Flip the headset over and you'll find a small in-ear earpiece clad in a rubber ear cushion, as well as a thin and flexible plastic ear hook. The H780 comes with a variety of different-size ear cushions, in case the one out of the box doesn't fit your ear. We found that it fit quite comfortably; it sits just outside the ear canal, and the thin ear hook made it possible for us to wear it while wearing glasses. It should be noted that the ear hook is not optional; it's needed for stability and security.
Features of the H780 include the typical answering, receiving, rejecting, and ending calls, last number redial, call mute, and the ability to transfer calls from the headset to the phone and vice versa. It has multipoint technology, meaning it can connect to two devices simultaneously.

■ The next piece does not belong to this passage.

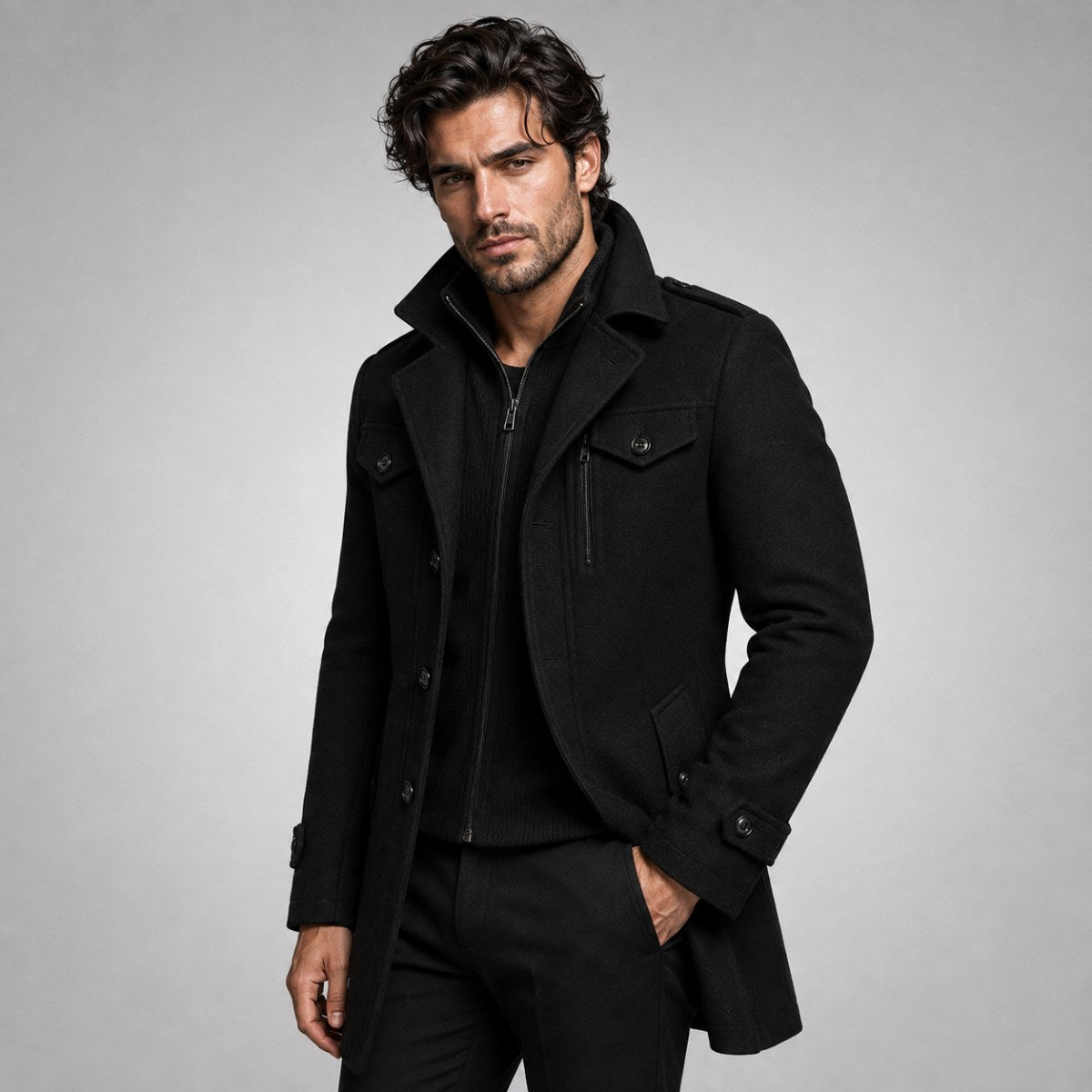 Derek | Women's Tailored Warm Coat, Structured Autumn Coat | Dressific | Khaki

It also has a battery status indicator.
Like with other Motorola headsets, the Motorola H780 has automatic pairing when it's first turned on. We managed to pair it with both the Apple iPhone 3G and the LG Lotus. We made several calls to both landline and cell phone numbers. Each time, our callers could tell we were using a headset, and said we sounded rather harsh, with a tinny or robotic-sounding voice. We then tried using our headset outdoors and in the car. In those situations, callers said they couldn't hear a lot of background noise, and we were impressed by how well the noise cancellation worked. When we toggled the noise cancellation off, it was clear how much difference it made. So, while the H780 doesn't have the clearest audio quality, it does cancel out a lot of environmental noise.
The Motorola H780 has a rated battery life of 7 hours talk time and 8 days standby time.